(The data begins)

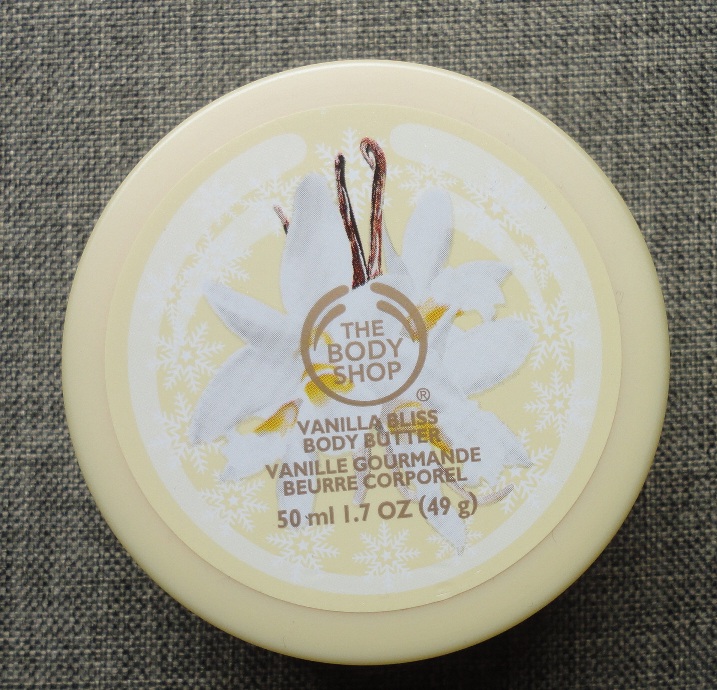 The Body Shop Vanilla Bliss Body Butter Review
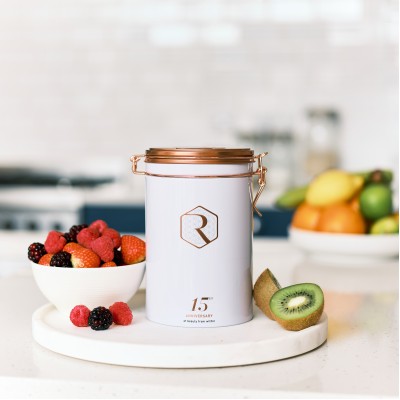 Rejuvenated Anniversary storage Tin - Ємність для зберігання коллаген порошку Rejuvenated Anniversary storage Tin - Ємність для зберігання коллаген порошку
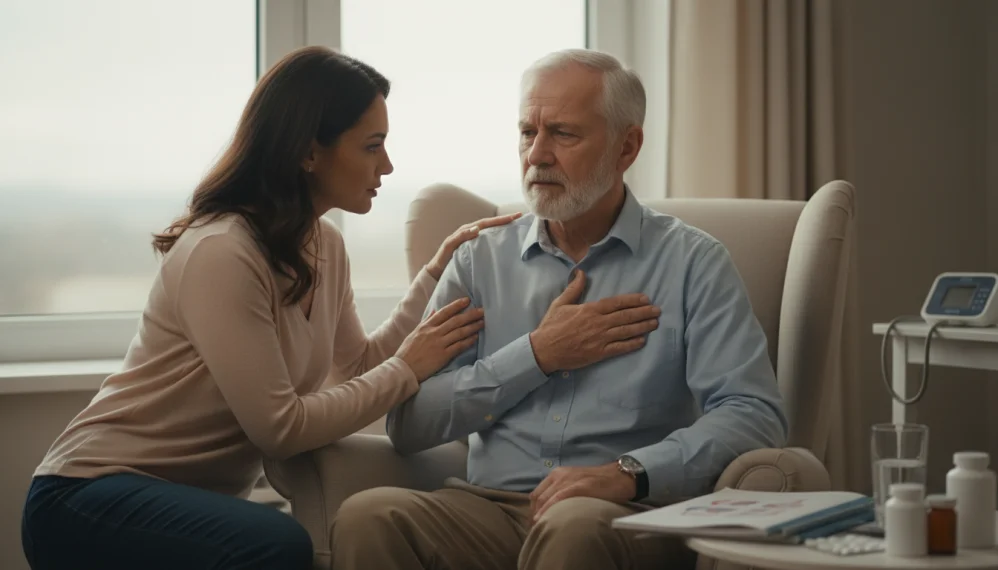 Insuficienta cardiaca si efectele asupra vietii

(The data ends)

Take the line containing "коллаген порошку Rejuvenated" and all lines after it to the end of the data above, and reproduce them exactly, leaving out pictures. Nothing else belongs in the copy.

 Rejuvenated Anniversary storage Tin - Ємність для зберігання коллаген порошку Rejuvenated Anniversary storage Tin - Ємність для зберігання коллаген порошку
 Insuficienta cardiaca si efectele asupra vietii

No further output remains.